Cut to the Spartacus scene: "Which one of you is Spartacus?"

"I am Spartacus!"

"No! I am Spartacus!"

Et al, ad nauseam, to coin a Latin aside.

So it was, when a hapless Royal Bank of Scotland press officer offered to brief a journalist writing about the tenth anniversary of internet banking.

On being asked which was the first bank to offer internet banking, the press officer replied that, indeed, the Royal Bank had been the first to offer its customers the unique service.

And with the speed of e-mail came the responses.

"No! I think you'll find we were," said the Nationwide.

"No! I think you'll find we were," said Bank of Scotland.

(Actually, Bank of Scotland went one step further and assured us that they had an internet banking service - before the internet.) A spokesman for Royal Bank said: "We actually were the first high street bank to serve our customers online. It was June 1997, and it has proved a revolution in our banking offering.

"Today, the value of our joint Royal Bank and Nat West transactions is over £50bn a year, and the annual number of transactions is through the 60 million barrier."

Nationwide Building Society would have none of it, and issued a statement saying: "We have received some inquiries from journalists who have been confused by Royal Bank of Scotland's news release claiming to have been the first bank to provide an internet banking service.

"In order to avoid any confusion, Nationwide Building Society was the first UK provider to launch an internet banking service on May 27, 1997. Royal Bank of Scotland launched its online banking service in June 1997.

"In 1997, just over 13,000 customers registered for Nationwide's internet bank. Over the last decade, this figure has steadily increased to over three million people and this growth is set to continue."

However, under interrogation, a Nationwide spokeswoman later admitted that while Nationwide stuck by its assertion to be the first internet banking provider, perhaps Royal Bank had a case to claim to be the first bank - as opposed to building society - to do so.

Enter Bank of Scotland. A spokesman, from the Olympian heights of The Mound, declaimed: "We had internet banking before the internet. Well, what was effectively internet banking.

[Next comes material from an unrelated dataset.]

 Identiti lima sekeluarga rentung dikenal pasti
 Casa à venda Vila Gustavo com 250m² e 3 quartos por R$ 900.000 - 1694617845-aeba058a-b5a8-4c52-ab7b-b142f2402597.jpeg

"In 1986 we introduced technology that enabled our customers to access their accounts on a television screen, through their telephone line. We developed that, and in the late nineties it became Hobs' - Home and Office Banking Service."

As to which was truly the first bank with an internet banking service, well, the Bank of Scotland man did concede it was probably Royal Bank.

So, again life was seen to imitate art. Just as the Roman centurion finally established there was only one Spartacus, so the Royal Bank secured its position in banking history. The only difference being, all the Spartacuses were crucified, and Royal Bank turned in an annual profit of £8.2bn.